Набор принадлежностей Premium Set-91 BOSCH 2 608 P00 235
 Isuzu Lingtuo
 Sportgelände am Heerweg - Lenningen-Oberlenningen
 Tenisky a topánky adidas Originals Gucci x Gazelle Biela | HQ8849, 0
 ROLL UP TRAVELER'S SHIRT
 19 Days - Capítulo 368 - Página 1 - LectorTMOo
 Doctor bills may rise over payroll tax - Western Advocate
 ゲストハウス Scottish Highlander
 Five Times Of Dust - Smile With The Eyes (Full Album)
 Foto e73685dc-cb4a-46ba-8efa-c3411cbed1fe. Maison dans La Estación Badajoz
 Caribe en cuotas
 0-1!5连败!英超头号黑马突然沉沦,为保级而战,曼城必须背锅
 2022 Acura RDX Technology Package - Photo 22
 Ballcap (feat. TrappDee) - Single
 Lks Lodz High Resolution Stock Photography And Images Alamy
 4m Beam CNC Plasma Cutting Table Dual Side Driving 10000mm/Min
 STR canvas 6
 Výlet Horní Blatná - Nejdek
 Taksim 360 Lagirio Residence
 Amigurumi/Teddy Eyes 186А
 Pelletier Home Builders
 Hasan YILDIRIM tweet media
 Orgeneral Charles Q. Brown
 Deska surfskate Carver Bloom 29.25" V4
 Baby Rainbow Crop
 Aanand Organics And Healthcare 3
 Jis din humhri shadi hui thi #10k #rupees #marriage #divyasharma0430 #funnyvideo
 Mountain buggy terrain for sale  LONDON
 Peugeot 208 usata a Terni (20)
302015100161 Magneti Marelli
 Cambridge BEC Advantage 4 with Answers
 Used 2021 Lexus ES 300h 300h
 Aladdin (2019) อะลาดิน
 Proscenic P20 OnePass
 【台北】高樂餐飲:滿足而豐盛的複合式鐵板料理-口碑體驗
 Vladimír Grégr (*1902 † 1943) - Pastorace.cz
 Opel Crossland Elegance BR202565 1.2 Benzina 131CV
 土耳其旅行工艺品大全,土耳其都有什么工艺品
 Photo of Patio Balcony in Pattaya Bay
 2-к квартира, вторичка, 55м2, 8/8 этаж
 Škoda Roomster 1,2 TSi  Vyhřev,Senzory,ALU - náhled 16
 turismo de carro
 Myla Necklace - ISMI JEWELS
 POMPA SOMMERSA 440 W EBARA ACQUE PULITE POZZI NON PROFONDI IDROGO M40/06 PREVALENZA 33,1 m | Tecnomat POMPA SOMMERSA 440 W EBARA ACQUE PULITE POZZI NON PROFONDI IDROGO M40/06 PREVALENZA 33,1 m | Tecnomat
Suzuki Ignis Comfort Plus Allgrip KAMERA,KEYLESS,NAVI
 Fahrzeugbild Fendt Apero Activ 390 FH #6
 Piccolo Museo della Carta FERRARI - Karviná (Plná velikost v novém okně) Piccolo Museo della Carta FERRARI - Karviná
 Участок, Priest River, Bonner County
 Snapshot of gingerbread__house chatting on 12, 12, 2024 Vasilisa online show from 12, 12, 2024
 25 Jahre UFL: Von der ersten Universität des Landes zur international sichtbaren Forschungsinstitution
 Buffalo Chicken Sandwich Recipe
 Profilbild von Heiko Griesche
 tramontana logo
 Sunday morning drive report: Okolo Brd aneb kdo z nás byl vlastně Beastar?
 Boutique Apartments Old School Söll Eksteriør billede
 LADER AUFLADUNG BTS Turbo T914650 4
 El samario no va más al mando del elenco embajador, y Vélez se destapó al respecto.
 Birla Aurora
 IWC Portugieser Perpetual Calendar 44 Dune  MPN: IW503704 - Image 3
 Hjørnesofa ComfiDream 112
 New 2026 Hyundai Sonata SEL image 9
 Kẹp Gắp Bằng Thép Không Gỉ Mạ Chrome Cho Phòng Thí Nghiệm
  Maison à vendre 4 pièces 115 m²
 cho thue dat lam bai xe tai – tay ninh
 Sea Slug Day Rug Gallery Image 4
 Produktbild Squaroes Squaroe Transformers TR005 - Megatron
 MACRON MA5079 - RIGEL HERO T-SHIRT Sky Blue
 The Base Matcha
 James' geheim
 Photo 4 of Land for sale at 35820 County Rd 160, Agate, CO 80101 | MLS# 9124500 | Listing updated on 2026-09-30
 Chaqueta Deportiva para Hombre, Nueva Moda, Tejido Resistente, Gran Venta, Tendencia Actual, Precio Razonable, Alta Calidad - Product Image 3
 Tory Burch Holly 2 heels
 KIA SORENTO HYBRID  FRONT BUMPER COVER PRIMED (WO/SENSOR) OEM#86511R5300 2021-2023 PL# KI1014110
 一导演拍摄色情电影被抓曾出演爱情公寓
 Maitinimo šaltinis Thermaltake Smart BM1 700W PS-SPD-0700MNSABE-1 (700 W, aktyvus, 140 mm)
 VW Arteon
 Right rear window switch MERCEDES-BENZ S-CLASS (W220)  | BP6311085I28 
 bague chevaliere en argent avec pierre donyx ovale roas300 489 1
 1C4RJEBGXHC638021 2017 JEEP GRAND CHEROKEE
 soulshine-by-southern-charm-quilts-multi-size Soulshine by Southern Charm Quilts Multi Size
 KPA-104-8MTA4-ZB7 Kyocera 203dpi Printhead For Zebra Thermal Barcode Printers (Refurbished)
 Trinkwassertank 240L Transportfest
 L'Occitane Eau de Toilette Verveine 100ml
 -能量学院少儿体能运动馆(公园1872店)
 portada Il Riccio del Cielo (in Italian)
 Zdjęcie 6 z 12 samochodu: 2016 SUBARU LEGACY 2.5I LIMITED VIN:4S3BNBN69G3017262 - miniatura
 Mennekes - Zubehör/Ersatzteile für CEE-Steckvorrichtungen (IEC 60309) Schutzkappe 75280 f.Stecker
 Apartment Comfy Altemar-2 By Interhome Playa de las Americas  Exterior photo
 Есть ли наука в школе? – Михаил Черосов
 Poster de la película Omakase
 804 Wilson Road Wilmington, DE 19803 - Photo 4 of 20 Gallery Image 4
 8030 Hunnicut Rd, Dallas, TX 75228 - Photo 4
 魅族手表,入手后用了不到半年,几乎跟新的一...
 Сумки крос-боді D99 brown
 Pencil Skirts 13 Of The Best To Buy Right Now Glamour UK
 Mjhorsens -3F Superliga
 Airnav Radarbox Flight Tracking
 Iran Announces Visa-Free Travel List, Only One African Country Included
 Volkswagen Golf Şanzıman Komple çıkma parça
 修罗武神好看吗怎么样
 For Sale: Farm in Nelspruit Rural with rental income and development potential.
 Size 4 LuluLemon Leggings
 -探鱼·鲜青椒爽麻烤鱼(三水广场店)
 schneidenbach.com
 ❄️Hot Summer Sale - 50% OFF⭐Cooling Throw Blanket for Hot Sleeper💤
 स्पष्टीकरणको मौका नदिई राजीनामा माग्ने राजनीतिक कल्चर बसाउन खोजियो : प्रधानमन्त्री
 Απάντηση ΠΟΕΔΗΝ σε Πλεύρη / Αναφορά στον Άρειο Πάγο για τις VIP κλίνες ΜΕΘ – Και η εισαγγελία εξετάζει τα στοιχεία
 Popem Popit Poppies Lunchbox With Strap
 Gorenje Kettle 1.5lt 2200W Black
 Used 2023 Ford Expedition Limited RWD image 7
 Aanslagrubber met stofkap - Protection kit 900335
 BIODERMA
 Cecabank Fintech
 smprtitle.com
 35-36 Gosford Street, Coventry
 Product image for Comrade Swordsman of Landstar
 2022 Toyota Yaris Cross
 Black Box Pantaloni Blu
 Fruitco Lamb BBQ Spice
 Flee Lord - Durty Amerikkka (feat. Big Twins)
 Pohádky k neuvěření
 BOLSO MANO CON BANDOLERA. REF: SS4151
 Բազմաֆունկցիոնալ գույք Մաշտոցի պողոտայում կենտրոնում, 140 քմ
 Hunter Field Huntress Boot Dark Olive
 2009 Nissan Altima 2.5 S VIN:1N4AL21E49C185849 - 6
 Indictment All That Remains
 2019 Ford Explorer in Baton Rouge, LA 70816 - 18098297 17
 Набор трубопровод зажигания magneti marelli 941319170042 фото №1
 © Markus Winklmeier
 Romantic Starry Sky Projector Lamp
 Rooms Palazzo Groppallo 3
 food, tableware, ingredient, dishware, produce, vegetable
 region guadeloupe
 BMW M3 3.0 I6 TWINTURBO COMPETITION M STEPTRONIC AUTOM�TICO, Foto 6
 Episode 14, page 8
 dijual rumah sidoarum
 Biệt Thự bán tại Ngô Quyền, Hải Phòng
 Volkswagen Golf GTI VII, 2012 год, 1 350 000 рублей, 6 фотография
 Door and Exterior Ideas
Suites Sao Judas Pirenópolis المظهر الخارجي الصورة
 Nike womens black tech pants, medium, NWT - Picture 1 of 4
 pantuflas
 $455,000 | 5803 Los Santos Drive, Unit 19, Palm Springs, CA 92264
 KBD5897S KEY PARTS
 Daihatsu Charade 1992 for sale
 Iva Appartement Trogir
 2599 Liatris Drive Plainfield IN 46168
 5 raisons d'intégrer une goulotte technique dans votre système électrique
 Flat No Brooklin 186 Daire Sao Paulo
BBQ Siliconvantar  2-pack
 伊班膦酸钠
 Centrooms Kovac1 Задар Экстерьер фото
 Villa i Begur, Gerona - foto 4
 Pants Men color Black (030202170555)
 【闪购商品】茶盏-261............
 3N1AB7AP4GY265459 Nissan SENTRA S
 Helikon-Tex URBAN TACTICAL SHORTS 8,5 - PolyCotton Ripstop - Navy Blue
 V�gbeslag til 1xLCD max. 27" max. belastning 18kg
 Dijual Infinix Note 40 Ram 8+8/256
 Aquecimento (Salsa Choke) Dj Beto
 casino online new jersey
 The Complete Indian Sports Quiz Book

* **Problem**
Count of lines with "Product": please work it out for the entries above and give the number by itself.

* **Written solution**
2